Erik Raven, under secretary of the Navy, delivered the Oct. 7 commissioning ceremony's principal address. Rep. Kathy Castor of Florida's 14th District; Adm. Daryl Caudle, the commander of U.S. Fleet Forces Command; and Sergeant Major of the Marine Corps Carlos Ruiz also delivered remarks. Ruby Lucas, widow of the ship's namesake, was on hand. Though it's the 73rd Arleigh Burke-class, guided-missile destroyer, it's the first warship named for Lucas.

When the Imperial Japanese Navy attacked Pearl Harbor in 1941, Jack Lucas was only 14 years old. He'd spent his early teenage years at the Edwards Military Academy in North Carolina, where he picked up his military discipline and excelled in athletics. Not only was he larger than the average 14-year-old, he looked older, too.

Pfc. Jack H. Lucas was born in 1928 and was 17 when he received the Medal of Honor. (Department of Defense)

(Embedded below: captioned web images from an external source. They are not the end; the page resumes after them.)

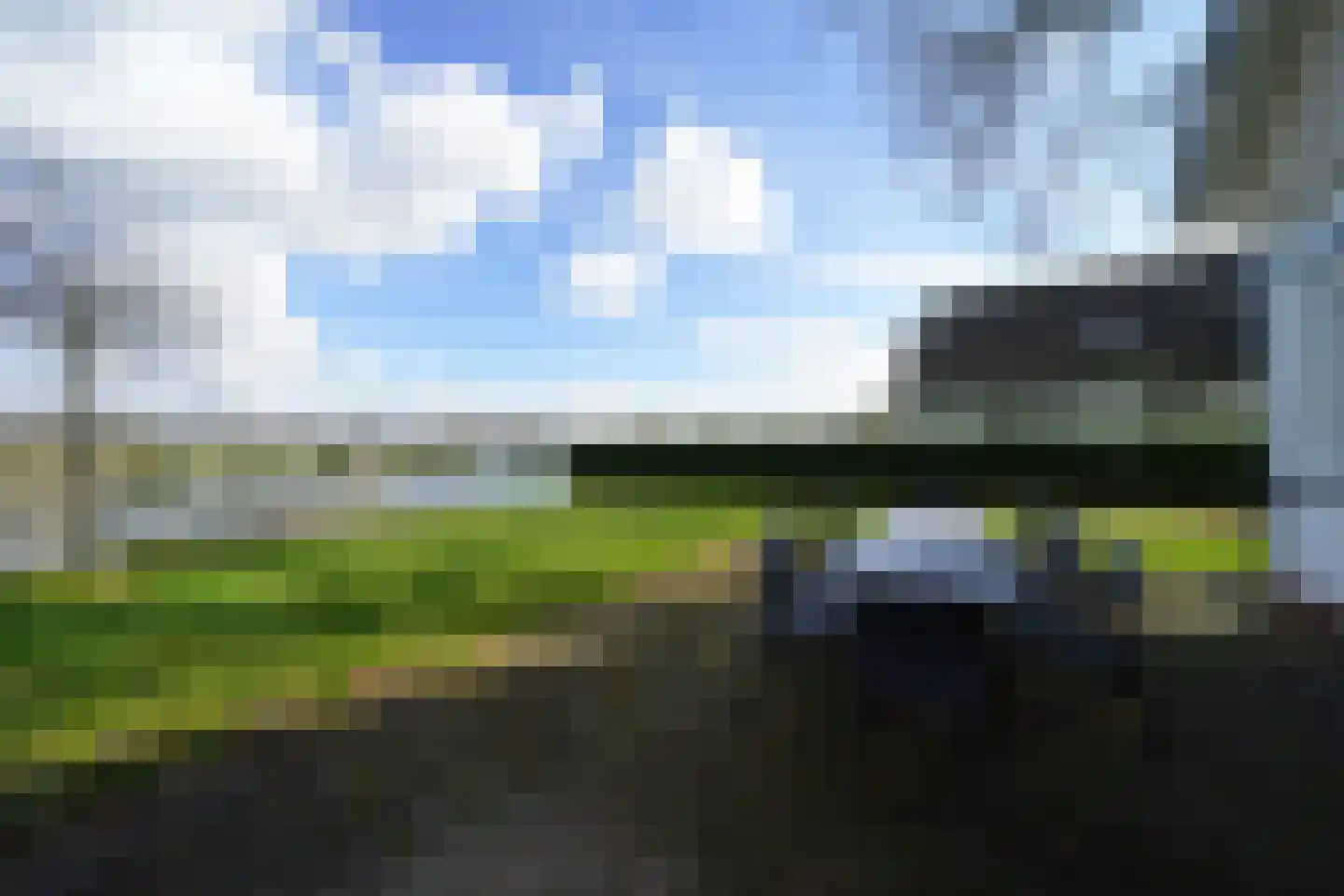 Hommelweg 2 R 523 Susteren thumbnail 27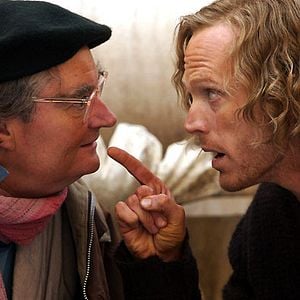 Foto Coração de Tinta - O Livro Mágico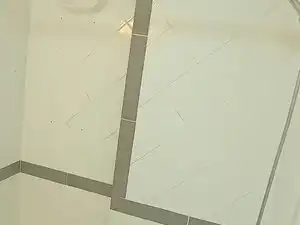Appartement compact avec ascenseur à louer à Avenida Escaleritas 54, imagen 6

In 1942, Lucas was eager to get into the fight. At 5 feet, 8 inches and 180 pounds, he could pass for an older teen, so he forged his mother's signature and joined the Marine Corps. When he arrived at Parris Island, South Carolina, he found he not only looked the part, but also excelled at combat arms. During basic training, he qualified as a sharpshooter and later became part of a heavy machine-gun crew.

The Marine Corps eventually discovered his true age, and by 1944, Lucas was sent to Hawaii to assume duties as a truck driver. But he hadn't come that far to sit out the war driving trucks, and on Jan. 10, 1945, he rolled up his field dungarees and walked out of camp in Hawaii to stow away aboard the USS Deuel, which was ferrying the 1st Battalion, 26th Marines to Iwo Jima.

On Feb. 8, the day before he would be listed as a deserter, Lucas turned himself in as a stowaway to Capt. Robert Dunlap. His punishment for leaving his post was a demotion, but he would get the chance to fight the Japanese when he was officially transferred to Dunlap's rifle company.

Six days after turning himself in at sea, Lucas celebrated his 17th birthday. Five days after that, he landed on Iwo Jima.

Lucas's four-man fire team was advancing toward an airfield through a ravine on the island when they noticed one of the Japanese defenders' many hidden pillboxes. Taking cover in a trench, they exchanged small arms fire and grenades with 11 Japanese soldiers. The Japanese hurled two grenades into the Marines' trench. When Lucas saw them land in front of his comrades, he shouted, "Grenades," as he pushed a Marine out of the way and threw himself on top of one while scooping up the other.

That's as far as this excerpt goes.